:: DATASET EXCERPTS
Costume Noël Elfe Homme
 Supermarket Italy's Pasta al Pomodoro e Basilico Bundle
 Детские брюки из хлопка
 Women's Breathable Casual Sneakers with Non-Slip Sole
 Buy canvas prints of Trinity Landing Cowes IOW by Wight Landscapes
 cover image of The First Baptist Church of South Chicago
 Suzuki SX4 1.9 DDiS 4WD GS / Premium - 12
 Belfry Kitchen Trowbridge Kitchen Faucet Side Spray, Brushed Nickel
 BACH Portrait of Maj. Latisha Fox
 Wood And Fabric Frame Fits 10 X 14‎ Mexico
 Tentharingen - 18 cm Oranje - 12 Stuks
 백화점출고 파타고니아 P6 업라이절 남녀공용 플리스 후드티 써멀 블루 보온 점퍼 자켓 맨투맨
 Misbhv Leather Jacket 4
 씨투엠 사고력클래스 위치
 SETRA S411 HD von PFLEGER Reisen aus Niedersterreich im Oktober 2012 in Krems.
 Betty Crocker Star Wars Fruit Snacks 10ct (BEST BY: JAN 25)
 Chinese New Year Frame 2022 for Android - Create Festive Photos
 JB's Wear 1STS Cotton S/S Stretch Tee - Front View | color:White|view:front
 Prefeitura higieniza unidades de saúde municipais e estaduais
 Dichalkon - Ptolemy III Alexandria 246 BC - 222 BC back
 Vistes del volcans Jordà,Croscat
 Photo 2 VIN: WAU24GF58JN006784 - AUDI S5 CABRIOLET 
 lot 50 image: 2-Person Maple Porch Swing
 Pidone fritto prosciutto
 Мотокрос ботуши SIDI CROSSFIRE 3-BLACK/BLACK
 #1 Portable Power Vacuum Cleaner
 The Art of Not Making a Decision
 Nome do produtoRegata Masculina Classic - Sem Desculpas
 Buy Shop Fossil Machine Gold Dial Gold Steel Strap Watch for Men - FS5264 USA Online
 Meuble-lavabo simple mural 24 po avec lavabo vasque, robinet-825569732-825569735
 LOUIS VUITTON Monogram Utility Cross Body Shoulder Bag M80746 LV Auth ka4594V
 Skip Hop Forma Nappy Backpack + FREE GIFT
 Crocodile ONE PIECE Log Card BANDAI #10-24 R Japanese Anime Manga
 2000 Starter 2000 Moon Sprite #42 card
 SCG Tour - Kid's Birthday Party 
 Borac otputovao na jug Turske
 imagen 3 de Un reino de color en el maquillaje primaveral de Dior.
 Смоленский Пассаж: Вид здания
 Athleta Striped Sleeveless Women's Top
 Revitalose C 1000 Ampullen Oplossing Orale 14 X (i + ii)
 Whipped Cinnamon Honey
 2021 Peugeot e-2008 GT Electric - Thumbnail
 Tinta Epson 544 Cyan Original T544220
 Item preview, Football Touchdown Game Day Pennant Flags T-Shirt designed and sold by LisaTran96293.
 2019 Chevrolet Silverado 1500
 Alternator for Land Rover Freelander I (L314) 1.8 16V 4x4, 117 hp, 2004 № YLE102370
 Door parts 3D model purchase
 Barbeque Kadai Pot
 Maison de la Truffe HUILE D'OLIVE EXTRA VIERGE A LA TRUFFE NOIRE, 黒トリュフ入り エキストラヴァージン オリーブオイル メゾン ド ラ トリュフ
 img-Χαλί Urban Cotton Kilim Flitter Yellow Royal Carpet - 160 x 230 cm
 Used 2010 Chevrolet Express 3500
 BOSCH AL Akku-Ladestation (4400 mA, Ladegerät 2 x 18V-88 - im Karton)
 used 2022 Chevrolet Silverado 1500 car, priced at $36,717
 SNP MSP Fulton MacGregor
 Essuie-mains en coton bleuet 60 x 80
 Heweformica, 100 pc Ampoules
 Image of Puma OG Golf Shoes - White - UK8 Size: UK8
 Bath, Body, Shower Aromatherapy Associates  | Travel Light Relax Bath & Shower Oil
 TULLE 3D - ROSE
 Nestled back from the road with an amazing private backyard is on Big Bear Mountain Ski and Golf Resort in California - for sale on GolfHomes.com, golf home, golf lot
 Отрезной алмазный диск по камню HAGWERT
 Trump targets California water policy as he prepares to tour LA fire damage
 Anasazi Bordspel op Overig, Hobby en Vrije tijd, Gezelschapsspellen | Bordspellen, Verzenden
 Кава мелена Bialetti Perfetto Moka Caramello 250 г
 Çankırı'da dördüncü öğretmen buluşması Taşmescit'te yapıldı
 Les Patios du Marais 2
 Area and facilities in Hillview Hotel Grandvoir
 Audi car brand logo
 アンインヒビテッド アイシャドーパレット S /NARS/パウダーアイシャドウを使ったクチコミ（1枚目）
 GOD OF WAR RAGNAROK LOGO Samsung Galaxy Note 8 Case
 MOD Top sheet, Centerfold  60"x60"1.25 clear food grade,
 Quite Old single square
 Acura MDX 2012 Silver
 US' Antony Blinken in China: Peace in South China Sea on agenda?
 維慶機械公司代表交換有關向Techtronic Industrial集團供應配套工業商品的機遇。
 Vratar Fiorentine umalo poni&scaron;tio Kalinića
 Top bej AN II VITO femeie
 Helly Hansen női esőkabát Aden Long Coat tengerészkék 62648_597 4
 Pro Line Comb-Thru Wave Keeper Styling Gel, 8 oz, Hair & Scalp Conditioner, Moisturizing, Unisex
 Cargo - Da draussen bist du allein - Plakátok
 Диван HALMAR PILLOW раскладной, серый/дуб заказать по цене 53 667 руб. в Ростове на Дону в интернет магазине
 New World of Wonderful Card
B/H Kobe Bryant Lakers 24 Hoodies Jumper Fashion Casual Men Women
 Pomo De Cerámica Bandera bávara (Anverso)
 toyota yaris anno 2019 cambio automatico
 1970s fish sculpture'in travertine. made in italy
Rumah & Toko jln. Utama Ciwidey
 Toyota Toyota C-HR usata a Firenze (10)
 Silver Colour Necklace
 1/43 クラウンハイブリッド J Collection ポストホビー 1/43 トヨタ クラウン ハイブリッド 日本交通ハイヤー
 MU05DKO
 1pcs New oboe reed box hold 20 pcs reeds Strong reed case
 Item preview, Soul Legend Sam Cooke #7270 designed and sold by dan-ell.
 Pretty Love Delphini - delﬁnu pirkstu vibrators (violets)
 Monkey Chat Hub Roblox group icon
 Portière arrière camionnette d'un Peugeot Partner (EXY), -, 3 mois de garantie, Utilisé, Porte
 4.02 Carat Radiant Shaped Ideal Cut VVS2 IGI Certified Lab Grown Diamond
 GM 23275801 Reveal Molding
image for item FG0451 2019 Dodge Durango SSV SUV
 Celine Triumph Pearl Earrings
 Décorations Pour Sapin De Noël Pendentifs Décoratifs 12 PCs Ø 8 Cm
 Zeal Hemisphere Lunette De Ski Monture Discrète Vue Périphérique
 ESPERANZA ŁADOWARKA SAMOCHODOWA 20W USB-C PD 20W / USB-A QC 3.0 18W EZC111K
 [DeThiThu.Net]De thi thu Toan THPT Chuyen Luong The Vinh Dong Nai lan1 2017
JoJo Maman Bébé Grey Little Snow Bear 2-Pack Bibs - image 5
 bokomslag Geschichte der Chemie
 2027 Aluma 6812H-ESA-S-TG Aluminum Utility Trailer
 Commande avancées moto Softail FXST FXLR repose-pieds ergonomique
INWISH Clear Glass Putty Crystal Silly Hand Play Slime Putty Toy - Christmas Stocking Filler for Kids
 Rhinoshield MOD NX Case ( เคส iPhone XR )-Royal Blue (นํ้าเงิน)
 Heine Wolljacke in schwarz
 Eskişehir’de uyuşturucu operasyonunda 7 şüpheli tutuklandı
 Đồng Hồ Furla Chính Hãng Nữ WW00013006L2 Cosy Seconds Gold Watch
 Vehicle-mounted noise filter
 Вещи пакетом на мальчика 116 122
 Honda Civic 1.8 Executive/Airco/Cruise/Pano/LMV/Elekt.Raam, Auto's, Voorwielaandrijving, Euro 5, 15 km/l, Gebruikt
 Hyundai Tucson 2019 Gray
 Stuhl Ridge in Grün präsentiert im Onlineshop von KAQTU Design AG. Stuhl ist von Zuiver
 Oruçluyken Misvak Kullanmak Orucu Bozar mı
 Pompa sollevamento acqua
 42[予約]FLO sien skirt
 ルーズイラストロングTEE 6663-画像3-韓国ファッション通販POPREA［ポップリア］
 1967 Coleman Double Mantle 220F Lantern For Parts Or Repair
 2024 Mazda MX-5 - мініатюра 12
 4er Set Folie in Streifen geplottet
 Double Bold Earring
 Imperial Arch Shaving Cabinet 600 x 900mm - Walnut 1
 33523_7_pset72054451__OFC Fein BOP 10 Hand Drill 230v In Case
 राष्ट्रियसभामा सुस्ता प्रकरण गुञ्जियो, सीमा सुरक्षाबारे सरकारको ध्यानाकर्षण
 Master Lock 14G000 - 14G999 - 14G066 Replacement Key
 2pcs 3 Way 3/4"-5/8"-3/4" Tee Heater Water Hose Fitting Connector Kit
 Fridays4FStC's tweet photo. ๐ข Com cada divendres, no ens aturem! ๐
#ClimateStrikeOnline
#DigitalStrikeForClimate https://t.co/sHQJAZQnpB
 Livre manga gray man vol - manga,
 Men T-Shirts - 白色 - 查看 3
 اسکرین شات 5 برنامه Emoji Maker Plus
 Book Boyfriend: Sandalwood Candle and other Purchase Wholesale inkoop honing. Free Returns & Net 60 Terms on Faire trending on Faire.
::::
ACTION ITEM =>
Please report every line in the entries above that holds the string "Royal".

RESULT BELOW =>
 img-Χαλί Urban Cotton Kilim Flitter Yellow Royal Carpet - 160 x 230 cm
 Rhinoshield MOD NX Case ( เคส iPhone XR )-Royal Blue (นํ้าเงิน)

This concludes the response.